• EXERCISE DATA
· · ·

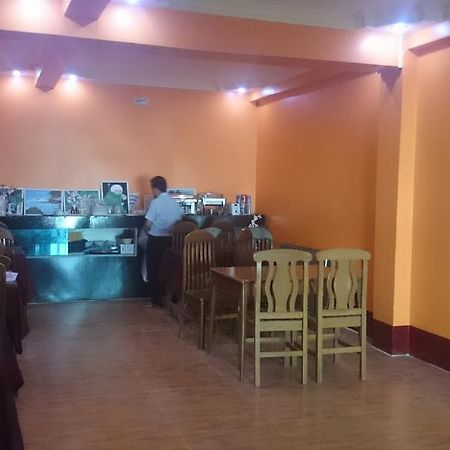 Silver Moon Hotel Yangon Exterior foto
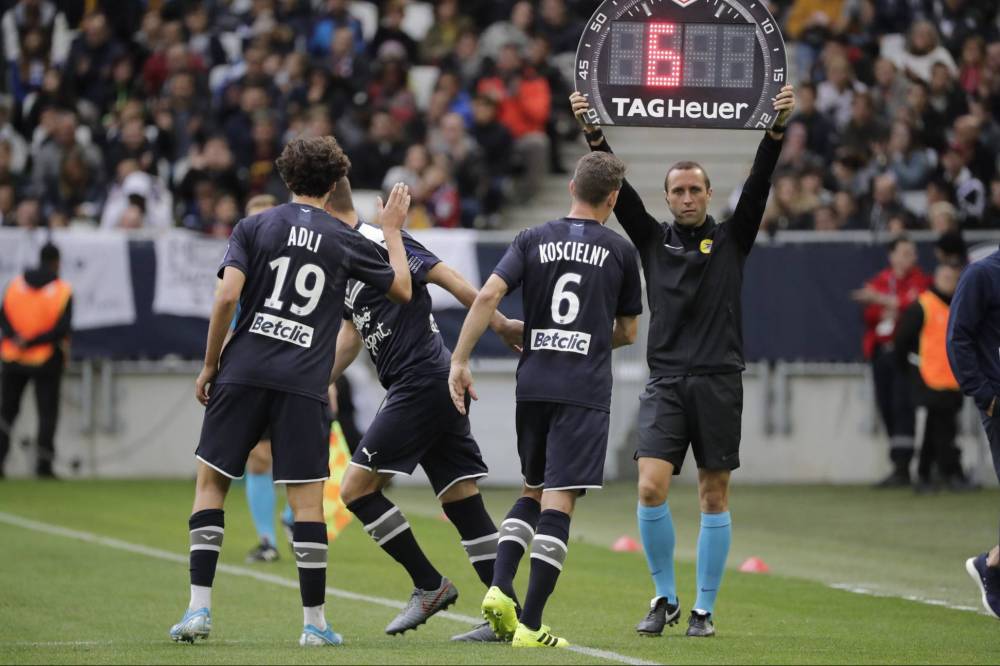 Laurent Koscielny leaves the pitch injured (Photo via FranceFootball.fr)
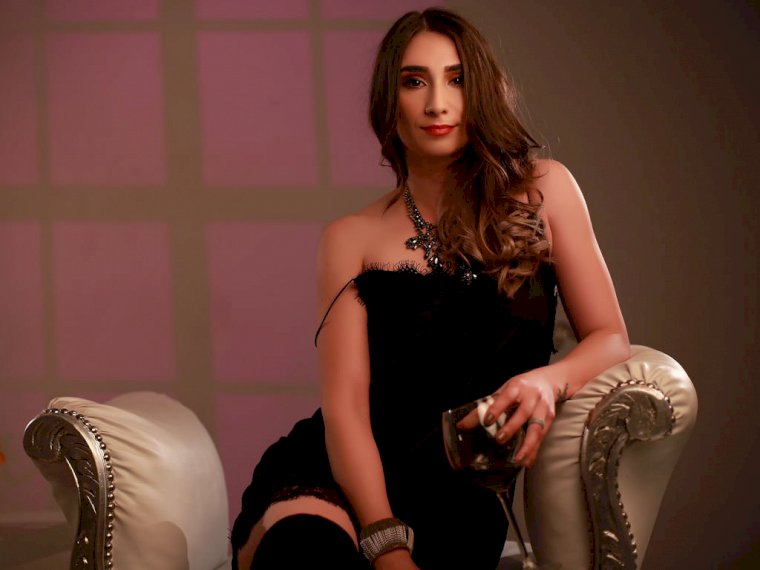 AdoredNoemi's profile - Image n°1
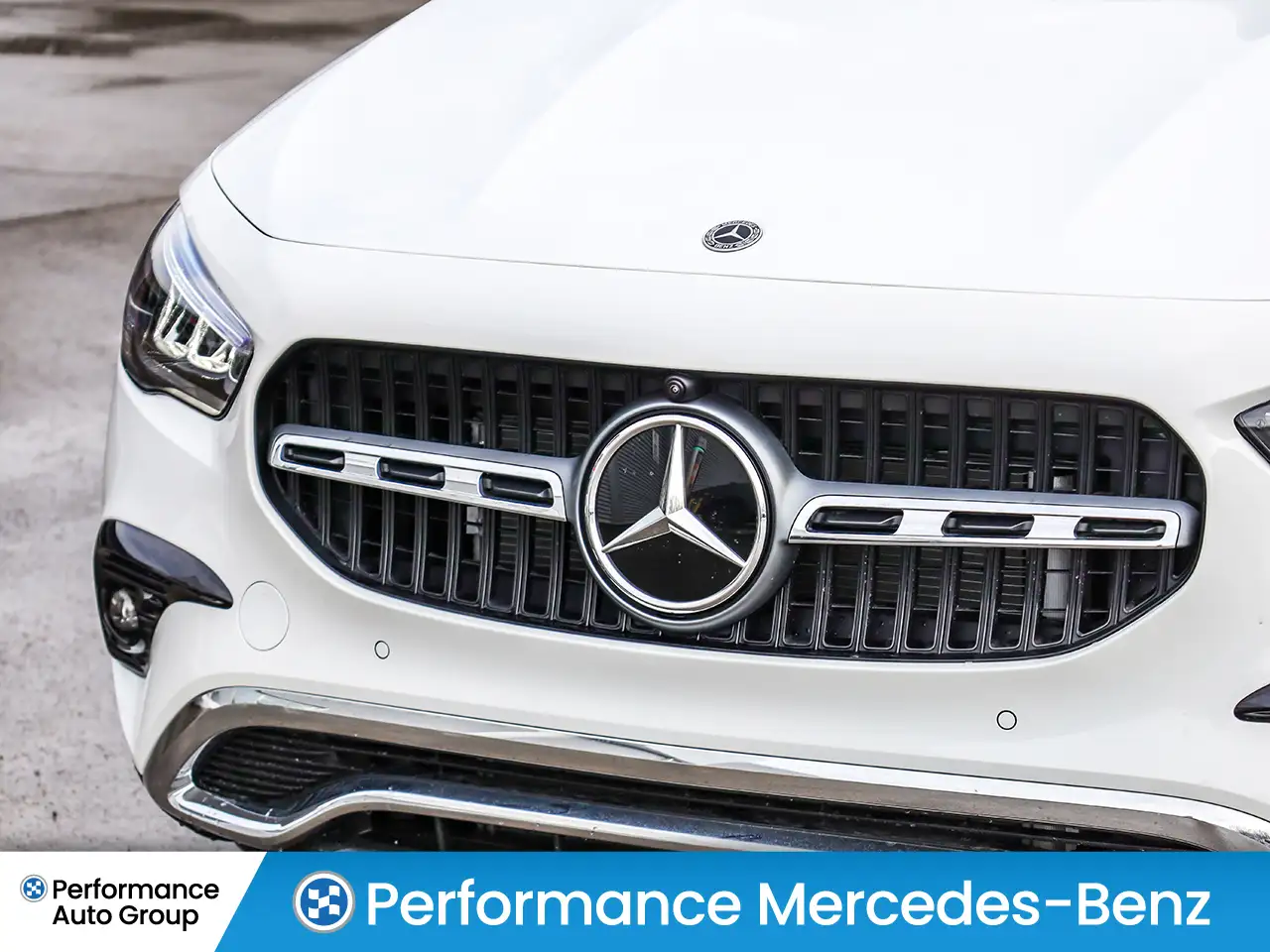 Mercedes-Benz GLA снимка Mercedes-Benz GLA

· · ·

• WORK ITEM
Give again, exactly, each line from the one that contains "AdoredNoemi's profile - Image n°1" through the last line of the material above. Pictures do not belong in the copy.

• ANSWER FOR THE TASK
 AdoredNoemi's profile - Image n°1
 Mercedes-Benz GLA снимка Mercedes-Benz GLA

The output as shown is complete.